___ Recorded information

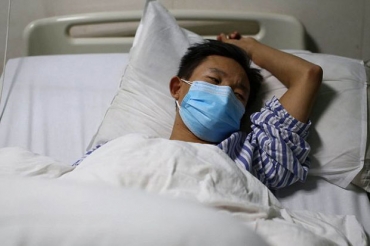 Honghui, agora com 23 anos, foi submetido a um transplante de rim com sucesso e está se recuperando bem.
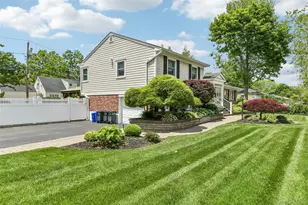 23 Middle Dr, Huntington, NY 11743 - Photo 29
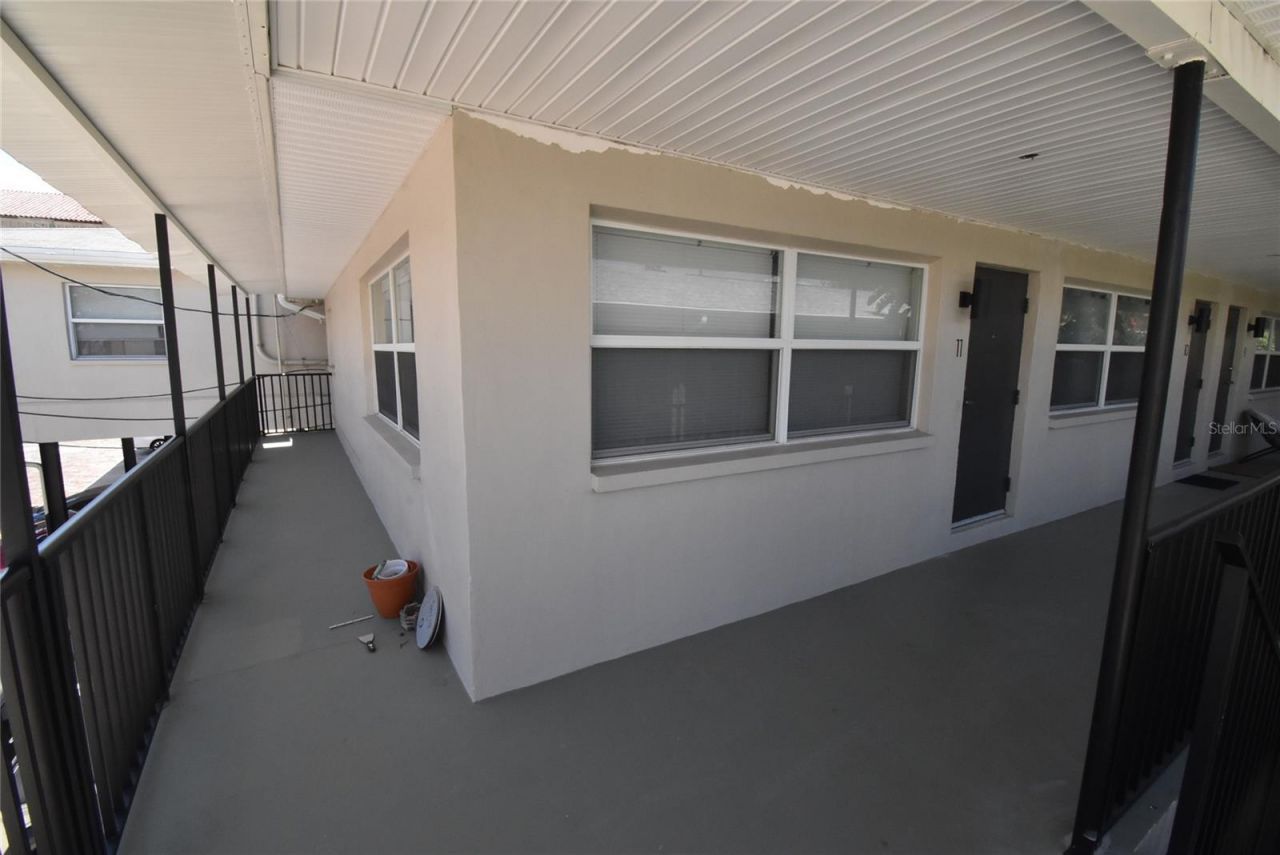 220 6th Avenue N, Unit 11, Saint Petersburg, FL 33701 Photo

______

- Problem to solve -
Give back the material above exactly as written, but omit the images.

- Exercise output -
 Honghui, agora com 23 anos, foi submetido a um transplante de rim com sucesso e está se recuperando bem.
 23 Middle Dr, Huntington, NY 11743 - Photo 29
 220 6th Avenue N, Unit 11, Saint Petersburg, FL 33701 Photo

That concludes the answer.